The rest of us bring gifts, then, to place in the chest. When we arrive at church tomorrow one of these chests will be right up front. As people arrive we will see some of them going up front to deposit a gift for the young boy who is getting baptized.  At the end of the service he and his family may gather around the chest for photographs, marking the special occasion. When they go home tomorrow, the chest and gifts go with them. Won't that be a special reminder to him, perhaps a lifelong reminder, of the day he was baptized?

Baptism is done many different ways within Christian Churches. Some of the differences are based on traditions. For example, giving this baptismal chest and gifts is a tradition within our congregation. It isn't something we've read about in the Bible; it is just something we do to celebrate a joyful event. Some of the differences are based on varying theological understandings of Biblical accounts of baptism.  This accounts for such differences as sprinkling versus immersion and infant versus someone old enough to make the decision for themselves.  Mike and I spent hours and hours discussing these differences, even when we were dating, as we come from different denominational backgrounds. 

Most Christians agree, though, that baptism is very important and very special. I've heard baptism compared to adoption. People have said that the day you are baptized is the day you are adopted into God's family, the day you become a Child of God. It isn't quite that simple, I suppose, given that we believe everything, including ourselves, belongs to God in the first place. However, I think it is a fairly good way to explain baptism to someone who is new to Christianity.

I am not a theologian. Although raised in the church, I have never attended a Bible College or Seminary. I do have a theologian in residence as my husband has both a Bible College and Seminary degree. As I write this post, he is sitting right here in the same room with me, easily accessible. However, I am recklessly tackling this subject without his help. As far as he knows, I am furiously typing out cute granddaughter stories. So, if you landed here by googling "baptism" and were hoping for some deep theological insights, you may be disappointed.  I can tell you a few things, though.

Baptism is done in obedience to God's Word. That is to say, the Bible tells us we should do this so we do.  

“Therefore go and make disciples of all nations, baptizing them in the name of the Father and of the Son and of the Holy Spirit.” Matthew 28:19 (NIV) 

That is one of the verses that tells us to do it. To be baptized in the name of the Father, Son and Holy Spirit (we'll talk about the Trinity another day) is a command. We who are disciples of Christ, meaning His followers, want to do this out of obedience. We don't do it in secret, either. We want others to know that we are His followers.

“But you were washed, you were sanctified, you were justified in the name of the Lord Jesus Christ and by the Spirit of our God.” I Corinthians 6:11 (NIV) 

Baptism is also a washing away of our sin.
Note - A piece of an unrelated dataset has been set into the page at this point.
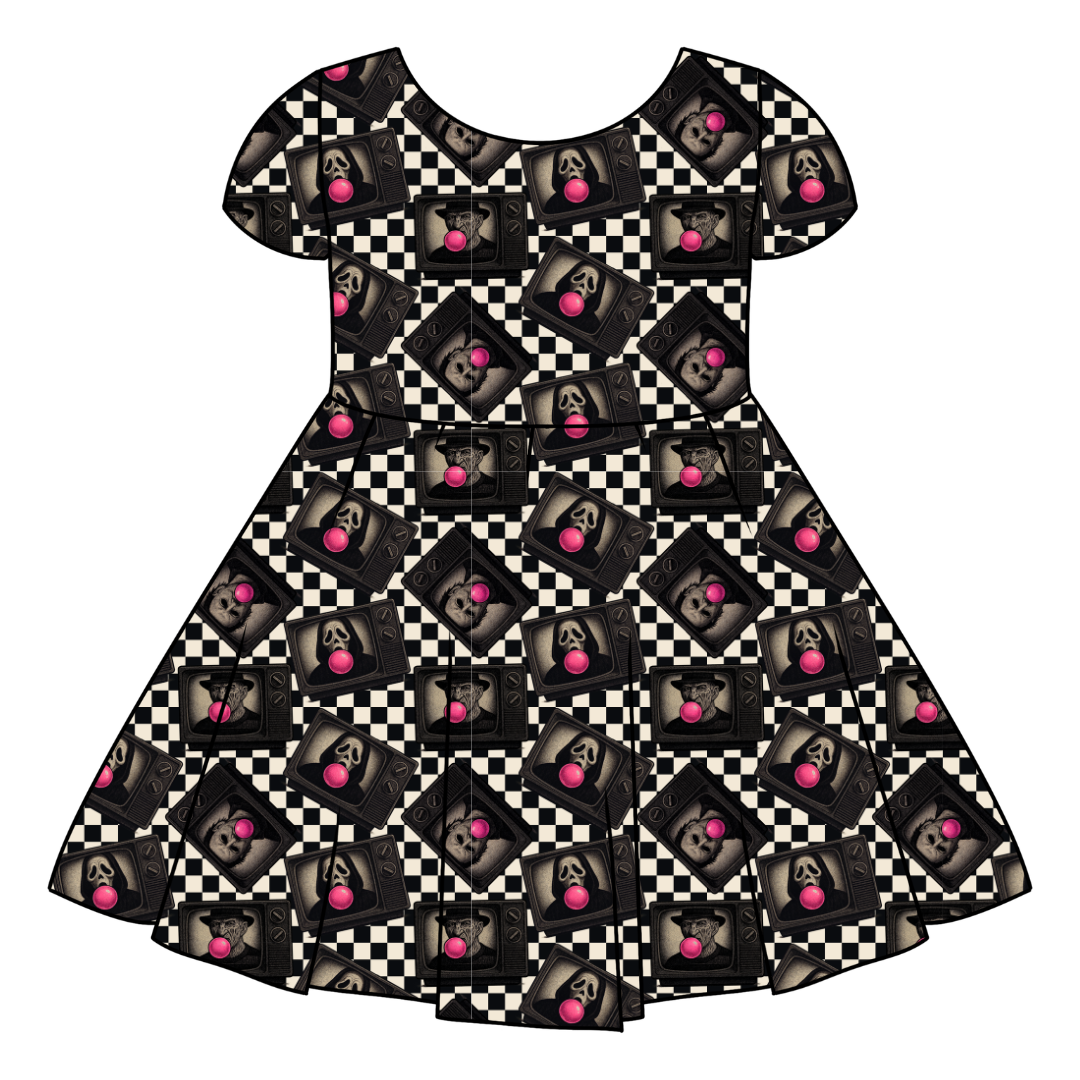 BUBBLEGUM FRIGHT NIGHT - Honey Girl's Twirl Dress Bamboo - PRE ORDER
Do people sin even after they are baptized? Yes, of course. With our human understanding of time you may think we are to be baptized over and over again, each time we sin. Nope. As children of God we are able to repent and claim this forgiveness of sin over and over and over. I would think that must get so tedious for God, but his love for us is big enough to handle it.

Baptism points to the fact that we are to die to ourselves. Our will is no longer paramount. It is so hard to remember and to live this way, but Christians really do want God's will to be what matters, not our own. We love our Lord and he loves us. HIS love is so pure, so complete, we are overwhelmed by it. Dying to ourselves is not a sad thing, it is a great thing. This next verse means a lot to me.  

“I have been crucified with Christ and I no longer live, but Christ lives in me. The life I live in the body, I live by faith in the Son of God, who loved me and gave himself for me.”Galatians 2:20 (NIV)  

My firm belief is that as a baptized child of God, I have Christ living within me. What could be better than that? This is a great heritage to claim!